Figures: The Louisiana Road Home grant program offered rebuilding grants to all Louisiana homeowners with home damages not entirely covered by insurance. The program used a grant formula that resulted in significantly larger grant offers when the estimated cost of repairing a home was more than 51% of the cost of replacing the home than when the estimated cost of repairing a home was less than 51% of the cost of replacing the home. The top figure shows that the likelihood of a household rebuilding in New Orleans within five years of Katrina was about five percentage points higher if the estimated cost of repairing their home was just above this threshold than if the estimated cost of repairing their home was just below that threshold. The bottom figure shows that the rebuilding rate among a household’s immediate neighbors was about two percentage points higher if the household’s repair cost estimate was just above this threshold than if the household’s repair cost estimate was just below this threshold, suggesting that one household rebuilding generates positive externalities for the surrounding area. Treating these sorts of raw patterns in the data as inputs, Gregory has used the OSG to estimate models of New Orleans homeowners’ rebuilding choices that can be used to evaluate the effects of disaster relief programs. (Images courtesy of Jesse Gregory)

Gregory sets up a computational model that includes parameters describing the distribution of households’ preferences for living in their previous location, for having more of their neighbors rebuild, and for the consumption of other goods. The estimation involves solving the model a very large number of times and comparing the model’s predictions under each parameterization to actual household choices. Having access to a large number of processors that can run at roughly the same time allows him to search many parameters at once. This has great advantages over modeling once on a PC, waiting to get the result, and then trying the next parameter value. “The results of each model solution don’t depend on one another, so using Condor [high-throughput computing software], I can simply try a very large number of parameter values all at the same time, compare the results at the end, and see the prediction that most closely matches the choices that we saw in the data. This is the perfect environment to work with.”

The policy implication of Gregory’s research is that the optimal design of post-disaster grant programs depends on the context. “Requiring that grant money be used to rebuild in the same location only makes sense in settings where rebuilding generates large positive externalities,” noted Gregory. “Otherwise requiring someone to rebuild in a disaster-prone location in order to get relief would seem like a crazy policy to enact.”
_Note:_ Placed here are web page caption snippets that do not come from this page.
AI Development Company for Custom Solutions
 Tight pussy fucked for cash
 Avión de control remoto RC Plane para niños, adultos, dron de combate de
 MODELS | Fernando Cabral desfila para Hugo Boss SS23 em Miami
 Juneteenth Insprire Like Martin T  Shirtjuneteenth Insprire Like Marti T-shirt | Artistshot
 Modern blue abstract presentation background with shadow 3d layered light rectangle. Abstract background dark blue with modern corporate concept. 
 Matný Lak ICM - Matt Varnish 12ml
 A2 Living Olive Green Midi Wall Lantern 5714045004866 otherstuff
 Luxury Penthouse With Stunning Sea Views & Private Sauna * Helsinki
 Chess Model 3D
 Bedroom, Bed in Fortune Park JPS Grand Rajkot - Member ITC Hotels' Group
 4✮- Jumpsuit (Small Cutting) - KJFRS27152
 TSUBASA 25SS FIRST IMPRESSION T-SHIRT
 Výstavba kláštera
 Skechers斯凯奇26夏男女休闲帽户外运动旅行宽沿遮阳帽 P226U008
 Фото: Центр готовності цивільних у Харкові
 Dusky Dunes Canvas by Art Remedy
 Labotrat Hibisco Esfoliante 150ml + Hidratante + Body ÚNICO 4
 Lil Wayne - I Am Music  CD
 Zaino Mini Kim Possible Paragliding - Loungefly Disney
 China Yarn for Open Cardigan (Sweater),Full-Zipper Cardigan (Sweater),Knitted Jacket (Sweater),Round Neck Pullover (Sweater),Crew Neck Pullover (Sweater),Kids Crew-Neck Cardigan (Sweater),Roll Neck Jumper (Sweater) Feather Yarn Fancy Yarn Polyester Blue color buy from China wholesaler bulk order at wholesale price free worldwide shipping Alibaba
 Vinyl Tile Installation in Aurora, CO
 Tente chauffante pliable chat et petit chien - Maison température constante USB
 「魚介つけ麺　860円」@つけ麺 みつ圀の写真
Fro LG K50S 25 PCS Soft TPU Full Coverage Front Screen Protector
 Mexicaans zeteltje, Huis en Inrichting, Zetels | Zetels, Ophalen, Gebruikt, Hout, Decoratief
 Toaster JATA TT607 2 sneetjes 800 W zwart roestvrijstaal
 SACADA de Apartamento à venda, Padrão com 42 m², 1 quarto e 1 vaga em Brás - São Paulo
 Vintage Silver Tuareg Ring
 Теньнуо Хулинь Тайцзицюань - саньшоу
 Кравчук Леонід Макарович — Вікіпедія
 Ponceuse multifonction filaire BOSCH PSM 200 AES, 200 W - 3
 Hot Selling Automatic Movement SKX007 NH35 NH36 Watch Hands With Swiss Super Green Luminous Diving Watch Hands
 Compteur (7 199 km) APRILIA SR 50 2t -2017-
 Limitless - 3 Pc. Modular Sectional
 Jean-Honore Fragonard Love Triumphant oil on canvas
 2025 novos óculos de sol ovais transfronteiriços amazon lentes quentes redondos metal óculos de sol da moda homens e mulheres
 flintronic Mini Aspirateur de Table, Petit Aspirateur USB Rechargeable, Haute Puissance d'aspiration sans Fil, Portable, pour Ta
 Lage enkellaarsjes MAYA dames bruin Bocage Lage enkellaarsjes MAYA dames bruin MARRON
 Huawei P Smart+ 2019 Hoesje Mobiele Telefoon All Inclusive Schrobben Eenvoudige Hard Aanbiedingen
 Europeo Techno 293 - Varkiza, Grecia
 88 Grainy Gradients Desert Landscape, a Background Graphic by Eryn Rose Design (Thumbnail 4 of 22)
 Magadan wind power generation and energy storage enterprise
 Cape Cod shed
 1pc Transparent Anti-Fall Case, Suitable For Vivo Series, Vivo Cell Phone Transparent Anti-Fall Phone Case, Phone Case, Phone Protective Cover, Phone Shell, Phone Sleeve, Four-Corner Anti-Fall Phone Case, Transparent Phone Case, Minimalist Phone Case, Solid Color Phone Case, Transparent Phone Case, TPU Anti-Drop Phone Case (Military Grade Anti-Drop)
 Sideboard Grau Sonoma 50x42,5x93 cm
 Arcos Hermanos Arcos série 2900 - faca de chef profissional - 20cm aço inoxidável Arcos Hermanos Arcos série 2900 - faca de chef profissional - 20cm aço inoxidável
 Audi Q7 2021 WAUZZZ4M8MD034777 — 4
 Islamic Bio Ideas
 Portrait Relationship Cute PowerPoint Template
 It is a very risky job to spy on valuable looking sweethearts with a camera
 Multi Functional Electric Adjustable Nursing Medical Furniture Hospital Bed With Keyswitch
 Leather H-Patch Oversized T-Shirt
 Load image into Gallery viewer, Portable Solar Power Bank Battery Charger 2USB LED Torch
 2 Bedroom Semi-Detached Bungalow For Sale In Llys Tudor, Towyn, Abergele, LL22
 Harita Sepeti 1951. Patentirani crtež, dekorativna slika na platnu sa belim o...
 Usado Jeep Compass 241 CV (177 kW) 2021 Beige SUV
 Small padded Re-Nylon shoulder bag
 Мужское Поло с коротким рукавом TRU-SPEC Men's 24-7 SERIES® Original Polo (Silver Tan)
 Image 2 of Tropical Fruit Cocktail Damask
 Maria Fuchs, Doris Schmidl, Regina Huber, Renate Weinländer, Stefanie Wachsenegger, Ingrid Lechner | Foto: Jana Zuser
The OSG has helped Gregory show that on average there were large positive spillover effects of rebuilding as opposed to leaving a lot undeveloped in post-Katrina New Orleans. “One neighbor being induced by a rebuilding grant to rebuild significantly increased the probability that additional neighbors would also rebuild,” Gregory said. He was also able to identify particular settings in which that effect is the strongest. “We find that these positive spillover effects occur almost entirely in neighborhoods where a majority of households would have rebuilt even without subsidies. The policy implications seem clear,” he added. “In highly devastated areas, it is probably best to provide disaster relief with few strings attached. However, it can be sensible to explicitly encourage rebuilding in places where somewhat dense rebuilding is already likely to occur.”